Listen to Circuitry
Sahara Smith is a natural. Or as the Austin Chronicle observes, “She's the real deal all right.”
Don’t take our word for it. Listen to her debut album on Playing in Traffic Records, Myth of the Heart, and you’re bound to agree with the Dallas Morning News that “Smith is a revelation.” The disc is hailed as “a gorgeous album for all lovers of carefully chosen words, rich imagery and ethereal vocals” by Texas Music magazine and “a richly impressive, intensely soulful debut album,” by the Los Angeles Times. All that and more is to be savored on Myth of the Heart.
It bows with the alluring “Thousand Secrets,” which opens a window on the vulnerable places we all have, as Smith writes, “For every broken branch there is a mile of fallen leaves/But no one knows the river flows a thousand miles deep.” Propulsive churning tracks like “Are You Lonely,” “The Real Thing” and “All I Need” make feelings of longing and desire palpable, while the up-tempo title song sings about resisting the urge to love. Meditative yet kinetic auras grace Smith’s reflections on being lost within love (“Tin Man Town”), empathy (“Angel”), mortality (“The World’s On Fire”) and life’s travails (the closing cut “Twilight Red,” which Smith wrote at age 13). And such songs as “Train Man,” “Midnight Plane” and “Mermaid” embody the notion of poetry in motion with their evocative images of travel and places near and far.
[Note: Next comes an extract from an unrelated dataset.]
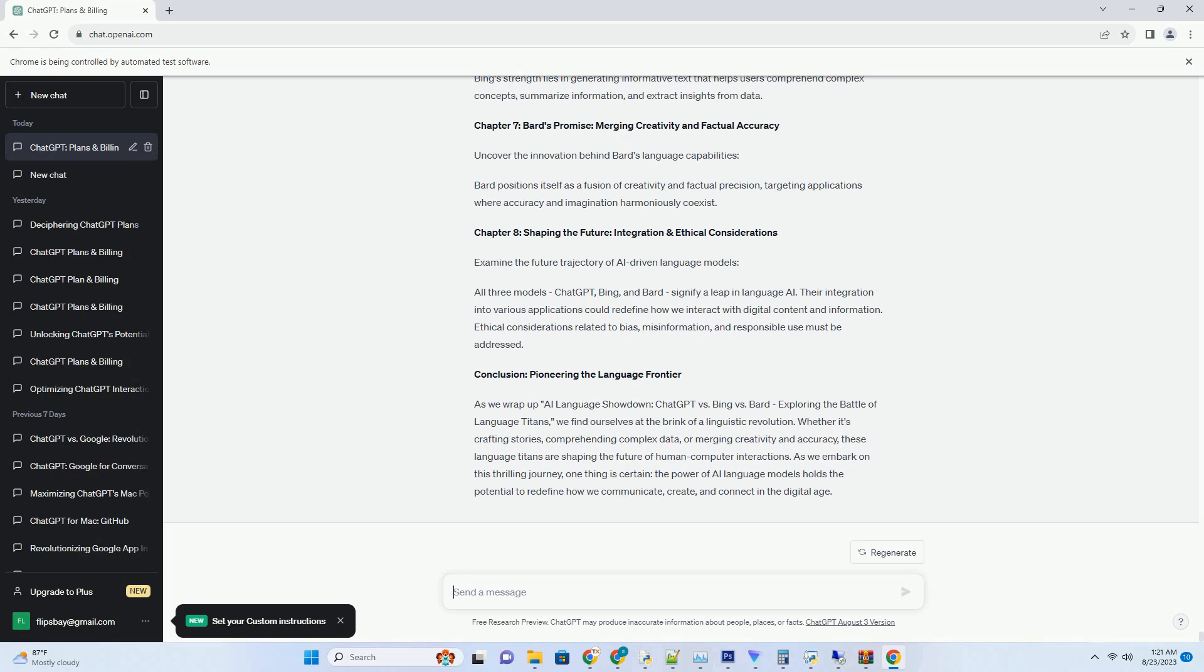Chapter 4: ChatGPT's Role in Group Synergy. Delve into ChatGPT's Contributions to Group Discussions. ChatGPT's ability to provide relevant information, offer explanations, and suggest ideas can enhance the overall quality of group conversations.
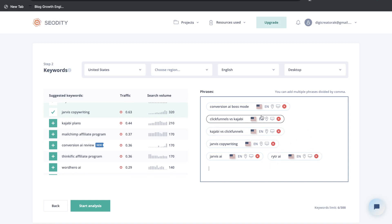You can also click to check more in the keyword research section, which will pull that keyword up there for further research. You can find related keywords or suggested keywords to include within that blog post or use to create entirely new blog posts about those specific topics.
The album was cut in primarily live sessions in Los Angeles, produced by Emile Kelman, known for his longtime work with T-Bone Burnett, who shepherded the recordings. The players include such regular Burnett associates as drummer Jay Bellerose, bassist Dennis Crouch and guitarist Marc Ribot, whose musicality bring both a deeply-rooted feel and contemporary imagination to the album. As the Los Angeles Times describes the disc, it’s lush with “Cinemascope-like wide-screen portraits of romantic passion, loneliness and unrequited love.”